Well, i sat there, with my wires ready, and realised something. The size. Everything was so minute, and i have heavy hands, so i couldnt physically do it. Ah well, lets wait for my ninja to arrive and go from there 

Im still trying to find a program that might let me go further than 1.4, to no avail so far. 

Thanks again solaris!


----------



## Solaris17 (Jun 4, 2008)

np man i think you should try it though i bet you can do it!!! i have bad asthma so my meds make me shake but i pin mode and solder lil resistors etc give it a shot!!!


----------



## kyle2020 (Jun 4, 2008)

Solaris17 said:


> np man i think you should try it though i bet you can do it!!! i have bad asthma so my meds make me shake but i pin mode and solder lil resistors etc give it a shot!!!



i think im going to have to find a magnifying glass, make sure im clear of caffeine and set myself half an hour aside one saturday. Ill deffinately try it again, id just like to see if this ninja helps my clocks - Plus, i can raise FSB instead of multi to OC my RAM a bit 

Do you think the temperature drop will increase overclock-ability?
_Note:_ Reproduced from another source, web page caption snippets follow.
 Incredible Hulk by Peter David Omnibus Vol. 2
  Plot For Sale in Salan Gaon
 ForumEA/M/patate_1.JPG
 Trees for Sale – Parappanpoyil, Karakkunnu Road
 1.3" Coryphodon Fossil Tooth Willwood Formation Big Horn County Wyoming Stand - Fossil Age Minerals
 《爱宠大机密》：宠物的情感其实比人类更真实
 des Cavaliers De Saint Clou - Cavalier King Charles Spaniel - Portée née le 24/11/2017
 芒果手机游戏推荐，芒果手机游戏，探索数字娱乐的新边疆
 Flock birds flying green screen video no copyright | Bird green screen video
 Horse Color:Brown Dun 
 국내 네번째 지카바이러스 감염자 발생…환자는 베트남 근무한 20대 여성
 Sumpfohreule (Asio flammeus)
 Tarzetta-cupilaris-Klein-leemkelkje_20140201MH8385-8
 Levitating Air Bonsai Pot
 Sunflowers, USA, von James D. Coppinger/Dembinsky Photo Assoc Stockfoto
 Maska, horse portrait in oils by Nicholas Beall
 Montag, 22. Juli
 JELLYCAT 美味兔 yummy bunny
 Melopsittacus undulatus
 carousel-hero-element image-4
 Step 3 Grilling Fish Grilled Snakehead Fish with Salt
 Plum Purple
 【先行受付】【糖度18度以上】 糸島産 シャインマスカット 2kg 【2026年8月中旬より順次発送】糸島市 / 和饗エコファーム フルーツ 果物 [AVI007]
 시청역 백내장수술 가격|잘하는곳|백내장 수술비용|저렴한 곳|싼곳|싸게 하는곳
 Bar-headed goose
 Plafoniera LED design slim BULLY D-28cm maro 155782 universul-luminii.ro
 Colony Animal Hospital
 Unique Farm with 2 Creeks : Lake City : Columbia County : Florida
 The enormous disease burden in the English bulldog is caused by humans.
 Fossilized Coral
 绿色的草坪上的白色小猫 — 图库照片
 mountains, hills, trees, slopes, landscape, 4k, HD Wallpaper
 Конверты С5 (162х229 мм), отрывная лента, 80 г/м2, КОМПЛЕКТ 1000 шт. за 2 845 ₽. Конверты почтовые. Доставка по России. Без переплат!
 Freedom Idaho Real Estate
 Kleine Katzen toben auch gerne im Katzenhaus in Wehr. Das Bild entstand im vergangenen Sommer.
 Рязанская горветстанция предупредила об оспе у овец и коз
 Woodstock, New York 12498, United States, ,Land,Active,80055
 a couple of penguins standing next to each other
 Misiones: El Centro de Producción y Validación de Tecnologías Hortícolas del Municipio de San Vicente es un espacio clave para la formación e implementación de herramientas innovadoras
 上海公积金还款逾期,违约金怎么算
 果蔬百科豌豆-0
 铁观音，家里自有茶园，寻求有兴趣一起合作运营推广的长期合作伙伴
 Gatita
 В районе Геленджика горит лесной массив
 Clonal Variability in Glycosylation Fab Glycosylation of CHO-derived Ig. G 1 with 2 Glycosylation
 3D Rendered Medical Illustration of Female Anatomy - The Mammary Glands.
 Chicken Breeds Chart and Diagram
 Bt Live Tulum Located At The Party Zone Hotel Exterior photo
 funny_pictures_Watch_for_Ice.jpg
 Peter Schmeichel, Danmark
Im currently idling on 1.4V @ 15.5x multi and 200 (stock) FSB all at 49 degrees on one core and 56 on the other.


----------



## kyle2020 (Jun 4, 2008)

Ok so in prep of my scythe arriving on friday, im going to post some temps of a stock clock and overclock on my processor, just as a comparison. 

15 minutes on idle, stock clocks:

http://screencast.com/t/fsbCJzZsA

A few minutes idle, 15.5 multi & 1.4V:

http://screencast.com/t/PlWPZclJ

(both images show an average, both clocks and voltages fluctuate by around 2 - 6 degrees randomly).

Ill get some pictures up as soon as the ninja arrives, both on passive and with the included 12cm fan.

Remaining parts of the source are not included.